Appunto, i blocchi: quali sono quelli che pesano in misura principale?
"Bisogna distinguere fra gli ostacoli all’ingresso dei giovani e quelli all’uscita degli anziani. Sul versante dei giovani troviamo le difficoltà di accesso alla terra agricola e al credito, ma conta molto anche la mancanza di un capitale di esperienza maturata sul campo, che è un fattore immateriale spesso decisivo per una nuova azienda agricola. Se invece guardiamo al versante degli agricoltori anziani, la loro uscita è ostacolata innanzitutto dal livello molto basso delle pensioni di anzianità, che di fatto impediscono di smettere di lavorare. Inoltre, in molti casi la casa in cui abitano si trova nella terra agricola dell’azienda, ciò che rende impossibile il distacco. Infine, c’è un aspetto di carattere sociologico: non è affatto un luogo comune che l’agricoltore non si ritiri mai davvero dal lavoro, coincide con la sua vita, impossibile scindere".
Lei ha curato uno studio specifico per la Direzione Agricoltura e Sviluppo Rurale della Regione Toscana. Risulta che il modello dell’azienda familiare rischia di essere l’anello debole del sistema.
"Va fatta una precisazione. Il modello familiare è stato la spina dorsale del sistema agricolo italiano. Ma in questa fase storica rischia di essere il punto di maggiore fragilità. Il mix di crisi demografica e migrazione dei giovani verso la città pone una situazione per cui si è già a rischio di esaurire le linee di successione nelle aziende familiari. Questo rischio colpisce particolarmente il sistema italiano, che è il quinto, nell’Europa a 27, per percentuale di aziende individuali o familiari: il 93,5% secondo il dato Istat 2020. Tutto ciò è paradossale, se si pensa che sono numerosi i giovani che spingono per entrare in agricoltura, ma non possono disporre di una linea di successione familiare".

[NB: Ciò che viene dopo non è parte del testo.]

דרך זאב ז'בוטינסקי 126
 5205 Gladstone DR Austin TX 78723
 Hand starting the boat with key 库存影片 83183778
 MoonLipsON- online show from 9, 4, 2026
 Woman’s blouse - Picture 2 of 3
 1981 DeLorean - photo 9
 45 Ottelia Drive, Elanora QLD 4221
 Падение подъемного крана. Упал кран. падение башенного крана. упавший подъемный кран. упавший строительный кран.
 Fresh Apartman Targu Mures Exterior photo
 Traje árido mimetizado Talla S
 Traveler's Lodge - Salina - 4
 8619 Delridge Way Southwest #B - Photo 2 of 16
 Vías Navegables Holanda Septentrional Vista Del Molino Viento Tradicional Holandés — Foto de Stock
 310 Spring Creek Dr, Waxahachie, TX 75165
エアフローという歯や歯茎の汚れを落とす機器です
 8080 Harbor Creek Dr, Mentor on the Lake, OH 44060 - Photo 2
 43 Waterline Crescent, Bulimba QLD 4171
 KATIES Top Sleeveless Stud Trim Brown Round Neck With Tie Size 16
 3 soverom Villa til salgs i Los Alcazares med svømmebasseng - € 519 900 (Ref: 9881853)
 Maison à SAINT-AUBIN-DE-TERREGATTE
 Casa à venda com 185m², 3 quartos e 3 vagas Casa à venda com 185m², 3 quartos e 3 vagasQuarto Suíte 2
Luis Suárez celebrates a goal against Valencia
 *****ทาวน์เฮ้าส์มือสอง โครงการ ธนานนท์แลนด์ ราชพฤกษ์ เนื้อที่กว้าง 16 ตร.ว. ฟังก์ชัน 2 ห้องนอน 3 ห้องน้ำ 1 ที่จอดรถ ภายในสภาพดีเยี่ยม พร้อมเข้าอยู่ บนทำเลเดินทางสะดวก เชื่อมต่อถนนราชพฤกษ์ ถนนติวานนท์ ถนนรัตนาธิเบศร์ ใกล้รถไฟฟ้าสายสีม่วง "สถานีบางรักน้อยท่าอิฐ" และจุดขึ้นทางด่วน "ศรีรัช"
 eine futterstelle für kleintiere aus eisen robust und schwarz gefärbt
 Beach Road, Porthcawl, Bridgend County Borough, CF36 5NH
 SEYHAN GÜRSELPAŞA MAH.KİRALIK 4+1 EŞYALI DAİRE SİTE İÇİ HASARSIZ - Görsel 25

Quale può essere la soluzione?
"Oltre a porre condizioni che arginino la fuga dei giovani dalle zone rurali verso la città, così salvaguardando la continuità delle aziende familiari (e la non dispersione delle terre agricole), servirebbe strutturare una connessione fra gli agricoltori over 65, quelli che non possono contare su eredi, e giovani under 40 che non hanno alle spalle una famiglia agricola. Sarebbe stata la logica di una misura della Politica Agricola Comune (PAC) sulla cooperazione per il ricambio generazionale, che però non è stata attivata da nessuna regione italiana, a causa della sua complessità; mi risulta però che proprio la Regione Toscana sta tentando di recuperarne i principi ispiratori. Si potrebbe però sperimentare un mix fra la misura PAC sul primo insediamento, che elargisce un finanziamento ai giovani che vogliono avviare un’azienda agricola, e la normativa italiana sull’affiancamento, che invece prova a favorire il tutoraggio dell’anziano a beneficio del giovane. Lo scambio di risorse (energie e capitale freschi contro terra agricola e esperienza) potrebbe essere mutualmente vantaggioso e favorire il successivo passaggio dell’azienda e dei diritti sulla terra agricola".